* **TASK DESCRIPTION**: A word-for-word copy of the records below is needed, without the images.

[Scraped caption text data]

<<<<

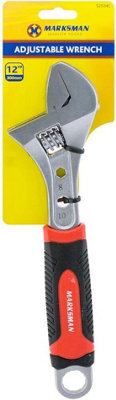 Heavy Duty Adjustable Wrench 12 Inch Spanner Pipe Plumbers Handle Grip Diy Hand Tool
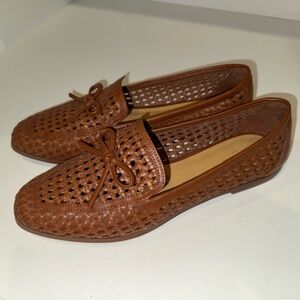 J. Crew Factory Brown Loafers with Bow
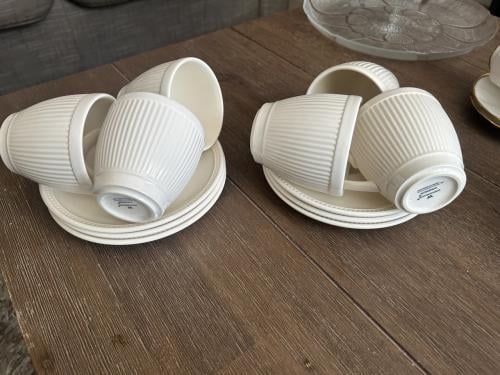 6 x kop en schotel Wedgwood Windsor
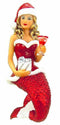 December Diamonds - Mermaid Ornament - Santa Baby
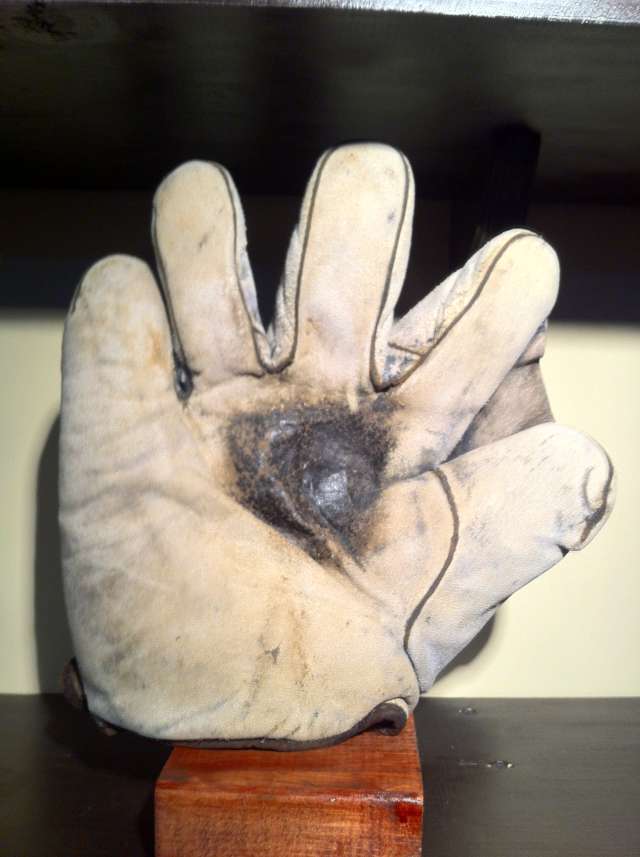 Spalding Full Web White Lefty Front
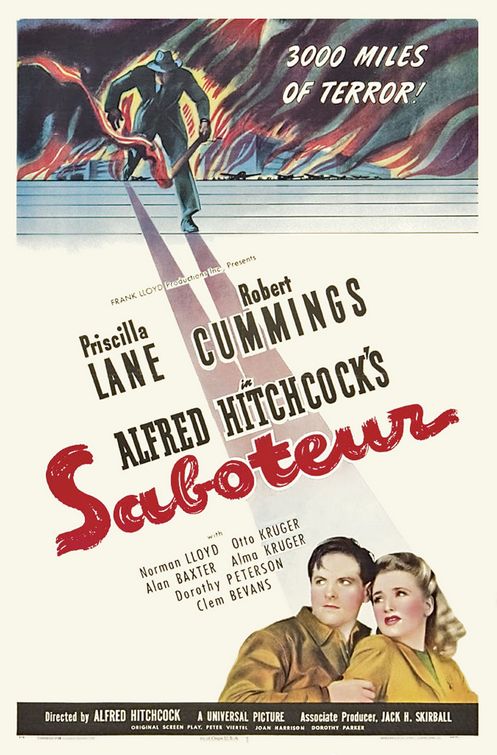 the movie poster: Saboteur (1942) ver2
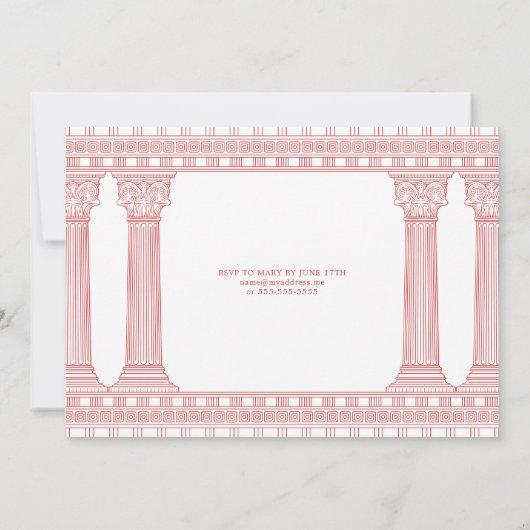 Retirement party with Pink Temple 招待状 (裏面)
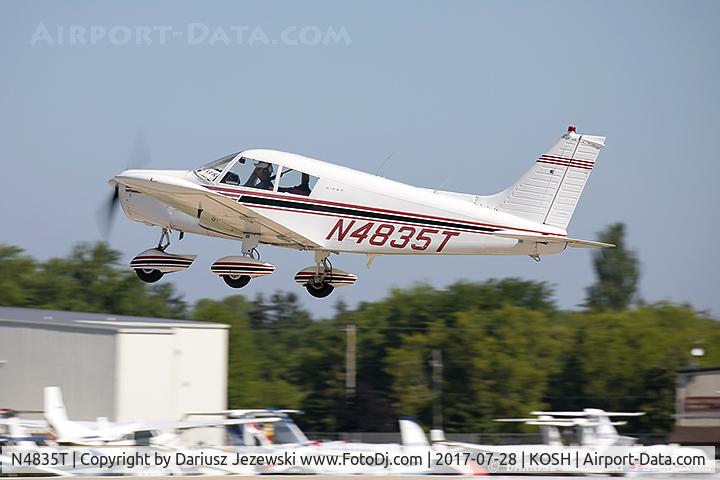 N4835T, 1972 Piper PA-28-140 Cherokee Cruiser C/N 28-7225218, Piper PA-28-140 Cherokee Cruiser  C/N 28-7225218, N4835T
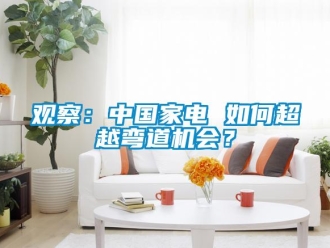 常見問題觀察：中國家電 如何超越彎道機會？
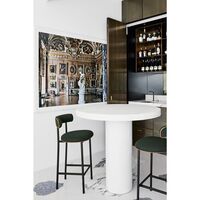 Font Barstol 65 cm Vidar 222/Poleret Stål Stel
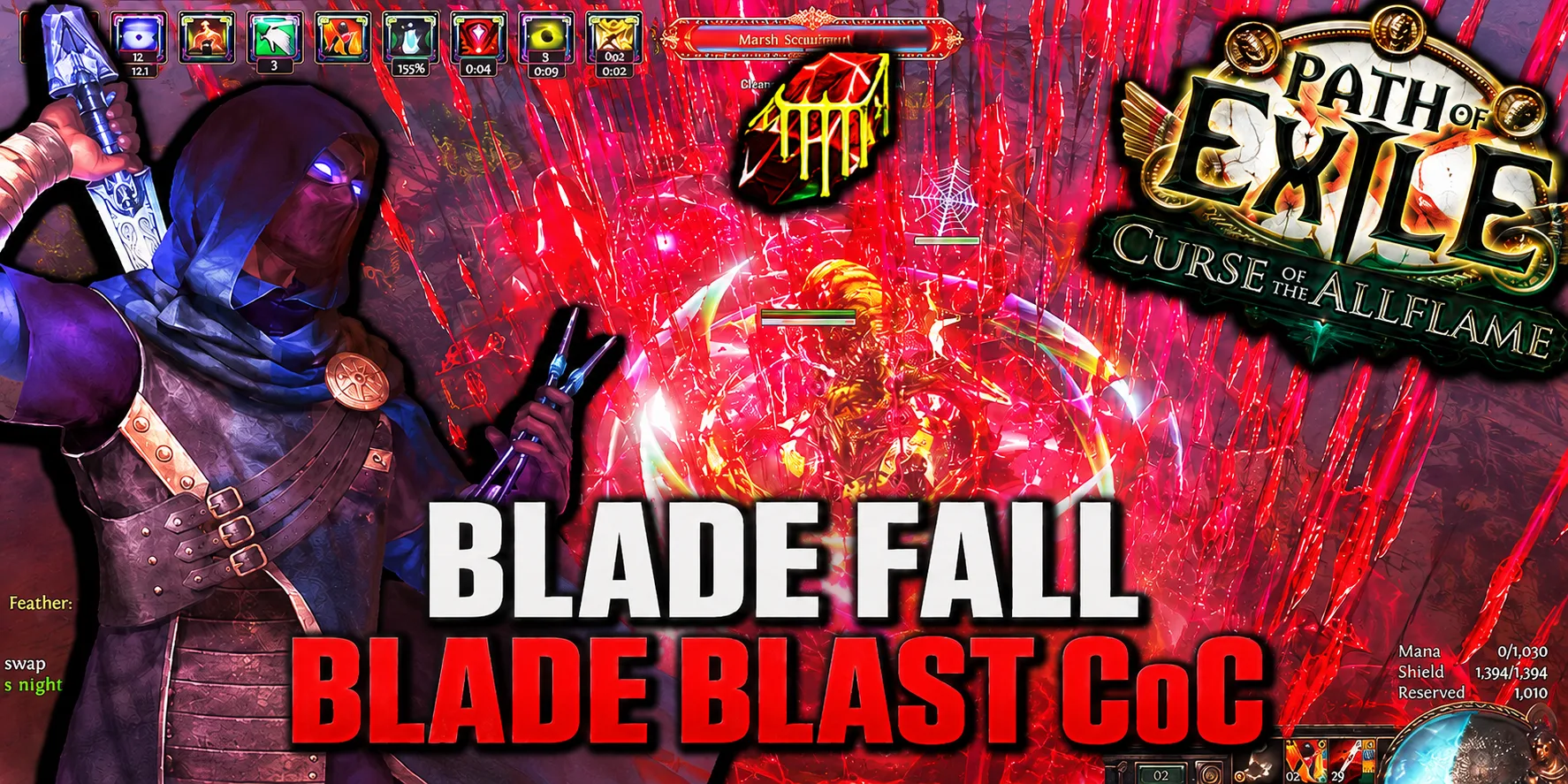 Cast on Critical Blade Fall Blade Blast Assassin Build - Path of Exile 1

>>>>

* **ANSWER FOR THE TASK**:
 Heavy Duty Adjustable Wrench 12 Inch Spanner Pipe Plumbers Handle Grip Diy Hand Tool
 J. Crew Factory Brown Loafers with Bow
 6 x kop en schotel Wedgwood Windsor
 December Diamonds - Mermaid Ornament - Santa Baby
 Spalding Full Web White Lefty Front
 the movie poster: Saboteur (1942) ver2
 Retirement party with Pink Temple 招待状 (裏面)
 N4835T, 1972 Piper PA-28-140 Cherokee Cruiser C/N 28-7225218, Piper PA-28-140 Cherokee Cruiser  C/N 28-7225218, N4835T
 常見問題觀察：中國家電 如何超越彎道機會？
 Font Barstol 65 cm Vidar 222/Poleret Stål Stel
 Cast on Critical Blade Fall Blade Blast Assassin Build - Path of Exile 1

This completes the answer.